SUPPLIED INFORMATION Start Marker
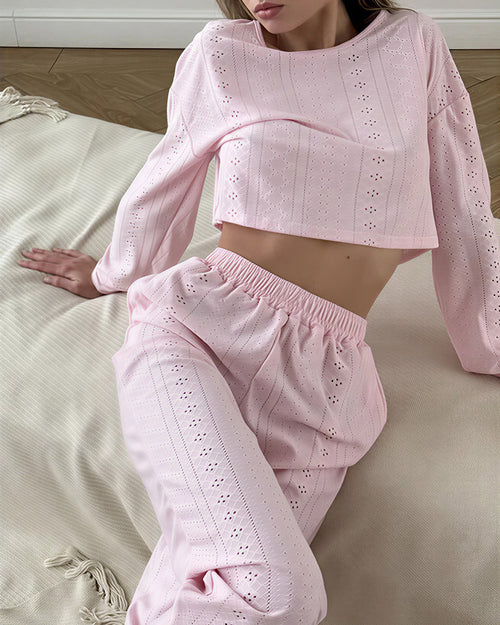 Curvvvy™ Nachtwäsche-Set aus Top und Shorts mit Spitzenbesatz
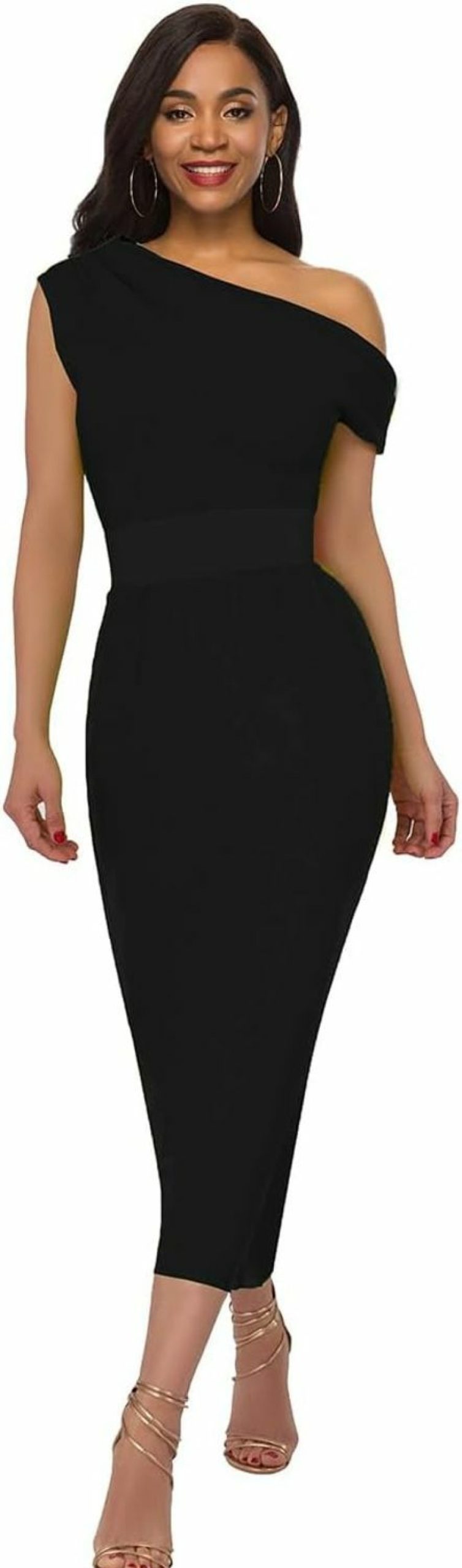 Wholesale LILYIN Women'S Off Shoulder Business Work Pencil Dress Banded Waist Ruched Wedding Guest Cocktail Night Party Bodycon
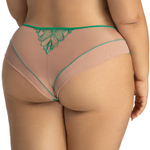 Трусики-бразилиана Moss с вышивкой (Размер: S) (Цвет: зеленый)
SUPPLIED INFORMATION End Marker
ACTIVITY: Starting with the line that contains "Wholesale LILYIN Women'S" and ending with the last line of the material, every line must be written out exactly; no other lines and no pictures are wanted.

EXERCISE OUTPUT:
 Wholesale LILYIN Women'S Off Shoulder Business Work Pencil Dress Banded Waist Ruched Wedding Guest Cocktail Night Party Bodycon
 Трусики-бразилиана Moss с вышивкой (Размер: S) (Цвет: зеленый)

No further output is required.